[Start of Attachment]
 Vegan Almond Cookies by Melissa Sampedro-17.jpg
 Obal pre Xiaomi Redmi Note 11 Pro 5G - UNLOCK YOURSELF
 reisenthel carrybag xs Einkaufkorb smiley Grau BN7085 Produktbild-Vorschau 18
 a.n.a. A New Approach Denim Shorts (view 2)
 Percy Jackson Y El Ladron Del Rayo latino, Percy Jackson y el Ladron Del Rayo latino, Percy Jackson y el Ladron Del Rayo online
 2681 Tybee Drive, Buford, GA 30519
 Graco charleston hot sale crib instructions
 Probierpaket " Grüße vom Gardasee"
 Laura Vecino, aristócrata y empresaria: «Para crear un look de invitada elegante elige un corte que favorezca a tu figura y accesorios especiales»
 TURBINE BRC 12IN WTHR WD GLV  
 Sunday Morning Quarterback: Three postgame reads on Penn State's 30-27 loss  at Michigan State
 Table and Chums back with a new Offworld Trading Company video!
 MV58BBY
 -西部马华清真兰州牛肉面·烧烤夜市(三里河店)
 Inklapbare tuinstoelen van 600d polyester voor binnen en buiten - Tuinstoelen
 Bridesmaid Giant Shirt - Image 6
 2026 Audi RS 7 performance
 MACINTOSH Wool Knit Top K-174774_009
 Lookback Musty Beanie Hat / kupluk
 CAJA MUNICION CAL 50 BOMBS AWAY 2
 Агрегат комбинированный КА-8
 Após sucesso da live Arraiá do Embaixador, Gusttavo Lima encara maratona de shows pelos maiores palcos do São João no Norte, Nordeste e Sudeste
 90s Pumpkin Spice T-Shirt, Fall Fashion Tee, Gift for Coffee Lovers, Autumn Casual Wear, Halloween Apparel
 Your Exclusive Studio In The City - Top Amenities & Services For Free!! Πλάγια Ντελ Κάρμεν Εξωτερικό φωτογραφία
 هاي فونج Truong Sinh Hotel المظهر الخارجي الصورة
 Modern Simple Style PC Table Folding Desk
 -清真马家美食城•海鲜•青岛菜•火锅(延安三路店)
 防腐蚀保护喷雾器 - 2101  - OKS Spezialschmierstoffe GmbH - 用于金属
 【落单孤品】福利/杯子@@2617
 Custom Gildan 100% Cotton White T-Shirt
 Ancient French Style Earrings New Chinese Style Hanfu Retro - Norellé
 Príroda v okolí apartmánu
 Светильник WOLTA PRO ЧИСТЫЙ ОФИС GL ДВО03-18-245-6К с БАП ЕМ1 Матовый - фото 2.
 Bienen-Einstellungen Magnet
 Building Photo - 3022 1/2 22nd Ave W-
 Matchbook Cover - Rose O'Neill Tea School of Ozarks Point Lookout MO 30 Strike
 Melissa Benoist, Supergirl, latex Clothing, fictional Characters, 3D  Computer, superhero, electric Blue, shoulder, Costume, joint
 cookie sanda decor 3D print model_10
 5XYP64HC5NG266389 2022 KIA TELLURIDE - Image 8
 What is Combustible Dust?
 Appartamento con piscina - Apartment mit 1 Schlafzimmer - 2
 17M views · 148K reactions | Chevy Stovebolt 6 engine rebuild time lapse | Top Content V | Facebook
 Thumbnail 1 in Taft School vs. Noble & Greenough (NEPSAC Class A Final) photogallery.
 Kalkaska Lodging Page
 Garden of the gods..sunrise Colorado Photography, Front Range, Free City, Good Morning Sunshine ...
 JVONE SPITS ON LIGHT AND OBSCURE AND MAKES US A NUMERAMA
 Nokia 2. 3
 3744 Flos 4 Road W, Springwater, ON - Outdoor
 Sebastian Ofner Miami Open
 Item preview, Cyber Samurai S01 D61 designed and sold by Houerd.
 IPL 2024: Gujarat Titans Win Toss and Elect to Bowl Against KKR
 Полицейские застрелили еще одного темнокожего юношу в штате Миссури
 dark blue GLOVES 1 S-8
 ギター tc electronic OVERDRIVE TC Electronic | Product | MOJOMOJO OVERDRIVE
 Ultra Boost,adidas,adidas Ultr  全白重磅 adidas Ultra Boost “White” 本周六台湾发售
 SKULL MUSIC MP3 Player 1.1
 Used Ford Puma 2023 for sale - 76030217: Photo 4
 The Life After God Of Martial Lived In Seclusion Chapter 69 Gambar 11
[End of Attachment]
Task statement - Filter the entries by the string "Free" and copy each matching line.

Final answer -
 Your Exclusive Studio In The City - Top Amenities & Services For Free!! Πλάγια Ντελ Κάρμεν Εξωτερικό φωτογραφία
 Garden of the gods..sunrise Colorado Photography, Front Range, Free City, Good Morning Sunshine ...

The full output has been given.